Former St. Anselm College football player Jason Case and his girlfriend, Amy Diaz, learned they had been selected for the cast of "The Amazing Race" just after the bombing of the Boston Marathon last April.
Their New England upbringings and the "Boston Strong" response to the marathon attack, they said, were major factors in winning the $1 million prize in this year's season of the long-running CBS reality show.
They also credited their college backgrounds.
Case — a 33-year-old native of Attleboro, Mass., and 2003 graduate of St. Anselm — and Diaz, a 29-year-old former Miss Rhode Island, were the first of 11 tandems to reach Juneau, Alaska, at the end of a 30-day journey that began in Indonesia. The competition ended in July, and "The Amazing Race" season finale aired earlier this month.
Case and Diaz agreed that the two toughest legs of the race were in Norway (125 miles inside the Arctic Circle) and Juneau.
"Landing in those two extreme cold-weather climates wasn't a factor for us. We're from New England," said Case, the owner of Case Snow Management in Attleboro.
Throughout much of the series, which made Case and Diaz audience favorites for their likability and unusually honest approach to such reality-show competitions, Case can be seen wearing a "Boston Strong" T-shirt.
"We wanted to run with the spirit of Boston," Case said "We're glad we did so with the integrity that we learned from our neighbors and friends in the Boston area, and from our families."
"That's what we're all about," added Diaz. "We want to keep it alive. It was a defining characteristic for us."
Case, a 2003 St. Anselm graduate, also credits his St. A education and the values instilled there for the success he and Diaz had in "The Amazing Race." (Diaz has three degrees from Barry University, a Catholic school in Miami.
"I think our being associated with Catholic schools gave us the ethics and morals we used to run the race," Case said.
He cited two incidents when Diaz stopped to help other teammates complete the tasks that allow them to move ahead.
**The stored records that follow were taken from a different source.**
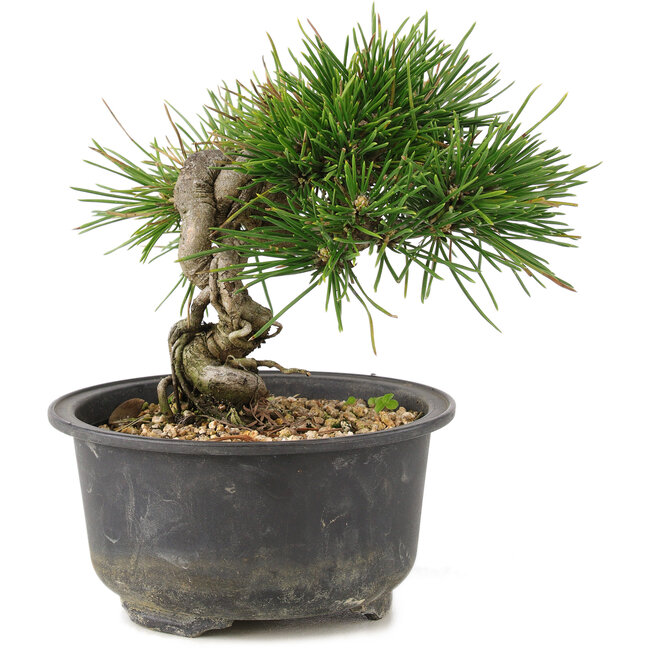 Pinus thunbergii, 13 cm, ± 10 jaar oud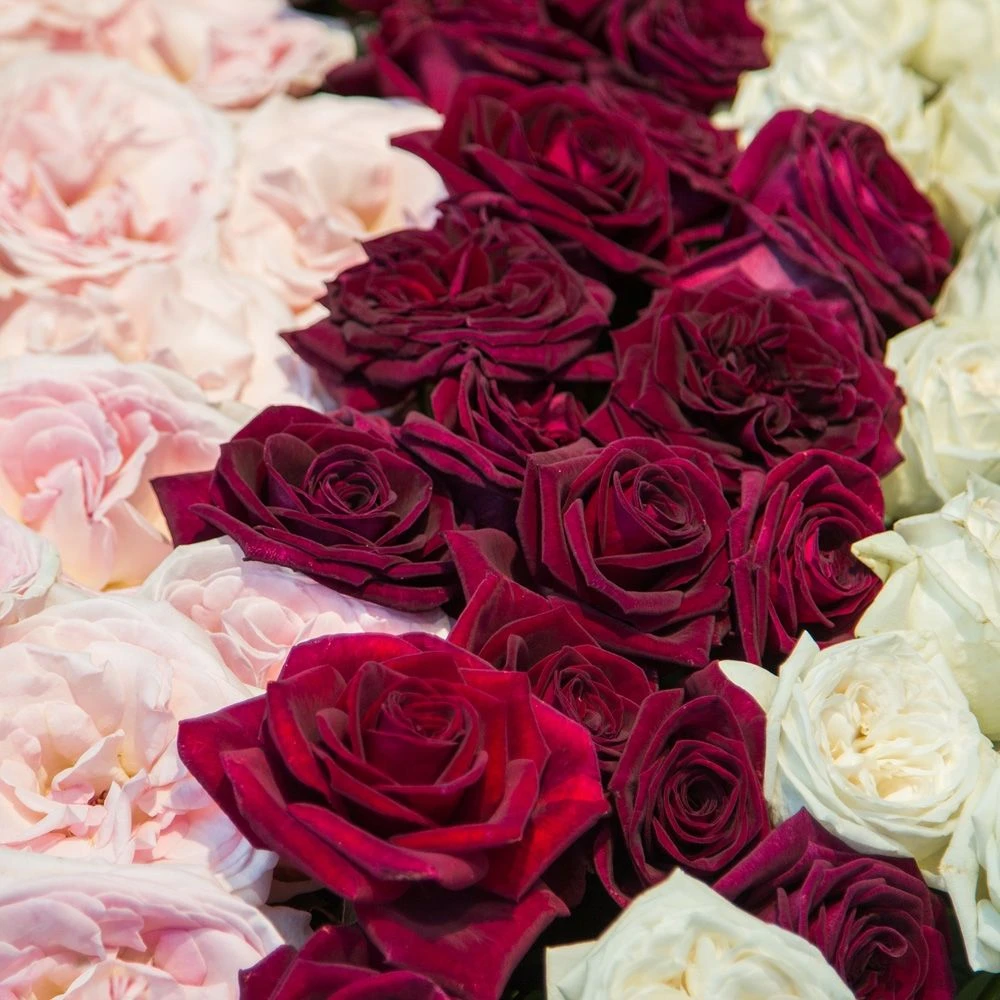 Rosier Black PERFUMELLA ® Meizhoro 4 Rosier Black PERFUMELLA ® Meizhoro – Image 2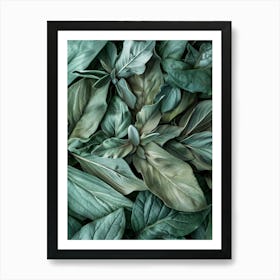 Green Leaves Background 2 Art Print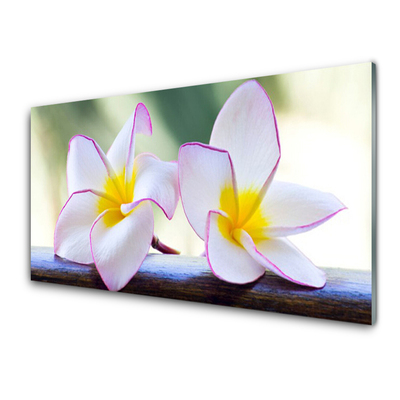 Foto schilderij op glas Plumeria bloemblaadjes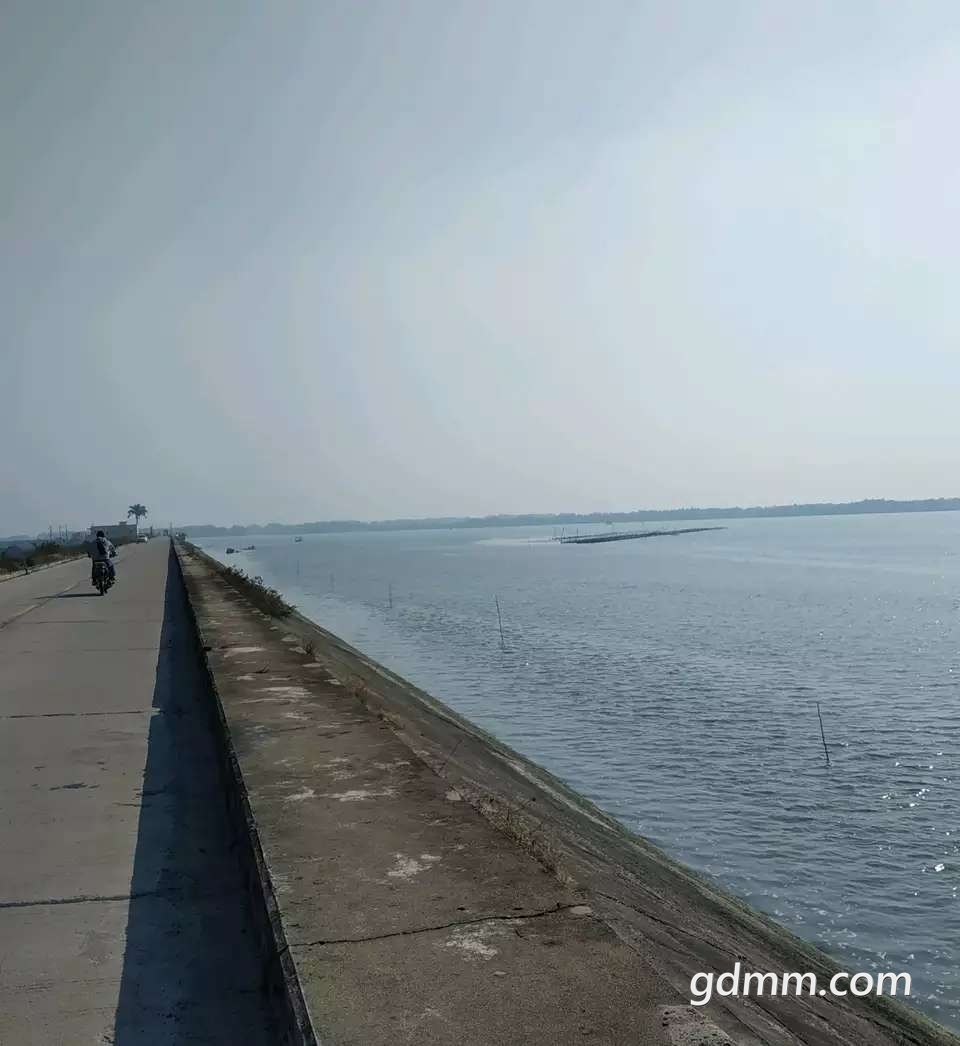 20191210_3295069_1575950496541.jpg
"Doing the right thing didn't slow us down, and it didn't stop us from winning," Case said.
While they did receive some negative feedback from other teams who didn't appreciate their actions, they said viewers have been pleased and that their actions were well received by people watching the show.
Their college experiences, they said, also allowed them to learn how to budget their time and understand how to be proactive.
"'The Amazing Race' is ultimately a mental game, one where being mentally tough and preparing your mind for stressful situations is key," said Case, describing his St. A experience of balancing academics and athletics was a plus. "You can only battle physical toughness with mental toughness."
Case displayed a fair share of toughness in his four seasons on the football field at St. Anselm, In 32 games over four seasons — the first four after the school reinstated football as a varsity sport — he caught 56 passes for 752 yards and 12 touchdowns.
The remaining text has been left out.